Au total, 23 femmes ont été renvoyées en Ukraine. Outre les neuf cuisinières et aides du bataillon « Azov », la Russie a également remis la Tatare de Crimée Lenie Umerova, détenue depuis mai 2023 alors qu'elle se rendait de Kyiv en Crimée pour rendre visite à son père. Umerova avait rencontré des problèmes au poste de contrôle de « Verkhny Lars », à la frontière entre la Géorgie et la Russie. Dans un premier temps, elle a été accusée d'avoir enfreint les règles de passage de la frontière, mais par la suite, les autorités ont trouvé des photos d'équipements militaires sur son téléphone et l'ont inculpée d'espionnage. Elle a été placée dans un centre de détention provisoire à Moscou, mais l'affaire n'avait pas encore été portée devant un tribunal au moment de l'échange.
« Un geste humanitaire qui profite aux deux parties »
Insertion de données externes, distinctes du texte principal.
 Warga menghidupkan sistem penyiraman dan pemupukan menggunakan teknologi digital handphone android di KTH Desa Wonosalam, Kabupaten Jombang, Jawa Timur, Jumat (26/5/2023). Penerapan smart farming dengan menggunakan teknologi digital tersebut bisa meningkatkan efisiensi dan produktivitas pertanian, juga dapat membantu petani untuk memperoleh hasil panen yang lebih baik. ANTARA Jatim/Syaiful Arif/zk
En échange, la Russie a reçu principalement des conscrits capturés lors de l'offensive ukrainienne dans la région de Koursk, début août 2024. La question des conscrits dans la guerre est particulièrement sensible pour les autorités russes. Depuis le début du conflit, elles ont déclaré à plusieurs reprises que les conscrits ne participaient pas à la guerre et n'y seraient pas impliqués. Cependant, en mars 2023, le ministère russe de la Défense a reconnu qu'il y avait eu « quelques cas » de conscrits présents dans la zone des « opérations militaires ». Le bureau du procureur général a indiqué que 12 officiers avaient été sanctionnés pour cela et que 600 conscrits avaient été renvoyés en Russie. Le président Vladimir Poutine a également abordé personnellement cette question à plusieurs reprises.
Nikita Buklov, l'avocat de Yaroslav Zhdamarov, qui a servi comme soldat du génie et maître-chien à « Azov » de 2015 à 2019 et pour lequel le ministère public a requis 23 ans de prison, estime que l'échange est un geste humanitaire qui profite aux deux parties. « La Russie a repris des soldats conscrits, ce qui a permis d'apaiser une question sensible. Dans le même temps, elle a remis des cuisiniers et non de véritables combattants », a-t-il déclaré. En réponse, l'Ukraine dit qu'elle a rendu des conscrits russes qui n'ont pas participé aux combats, mais qu'elle a reçu en échange les héros d'“Azovstal”. En réalité, aucun combattant n'a été échangé d'un côté ou de l'autre. »
Après l'échange, le tribunal a demandé au ministère de la Défense des informations sur le lieu où se trouvaient certains accusés, mais il n'a pas encore reçu de réponse du ministère. Par conséquent, pour l'instant, il n'a pas été indiqué si les neuf femmes accusées seront jugées par contumace ou pas. Actuellement, 12 accusés jugés demeurent présents devant le tribunal, mais ni eux ni leurs avocats n'ont terminé leurs plaidoiries. Les audiences ont été reportées depuis plus d'un mois pour des raisons « techniques », du fait de l'absence de réponse officielle concernant l'échange. Le dernier report a eu lieu le 16 octobre. La prochaine audience est prévue le 6 novembre.